#### Exercise goal:
In the entries below, find the line with "For iPad 9.7" and the line with "SACD Wolfgang Amadeus"; copy them and every line between them exactly, but not the pictures.

#### Input material:
━━━

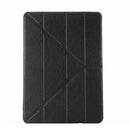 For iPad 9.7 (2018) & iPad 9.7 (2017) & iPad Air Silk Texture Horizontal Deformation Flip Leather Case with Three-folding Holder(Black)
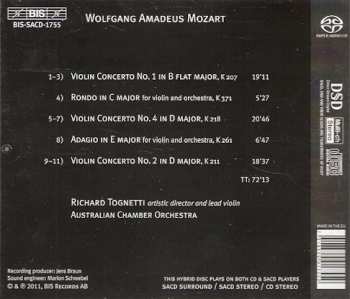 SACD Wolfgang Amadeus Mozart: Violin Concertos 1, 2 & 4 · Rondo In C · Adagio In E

━━━

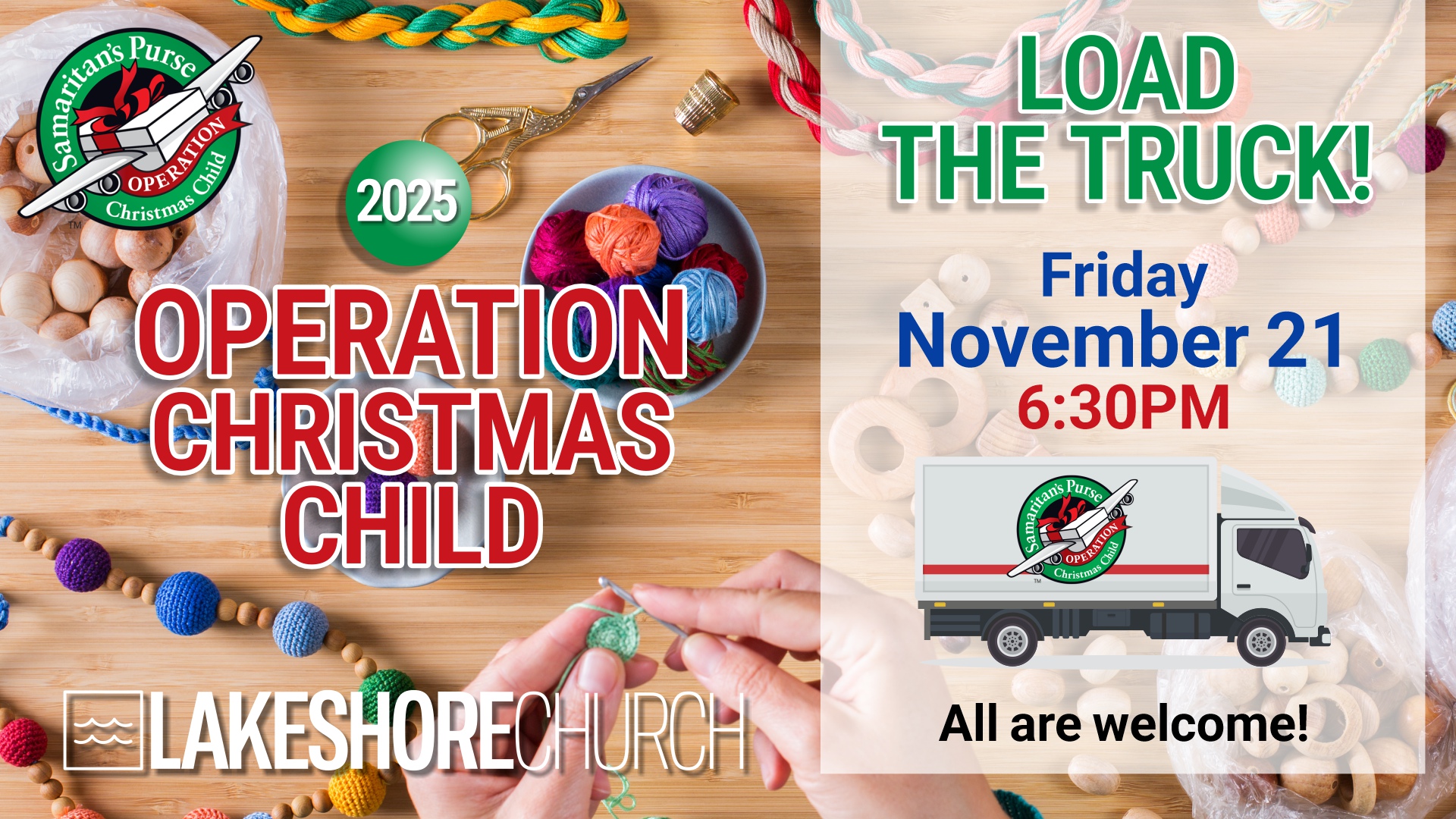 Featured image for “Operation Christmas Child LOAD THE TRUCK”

━━━

#### Your solution:
 For iPad 9.7 (2018) & iPad 9.7 (2017) & iPad Air Silk Texture Horizontal Deformation Flip Leather Case with Three-folding Holder(Black)
 SACD Wolfgang Amadeus Mozart: Violin Concertos 1, 2 & 4 · Rondo In C · Adagio In E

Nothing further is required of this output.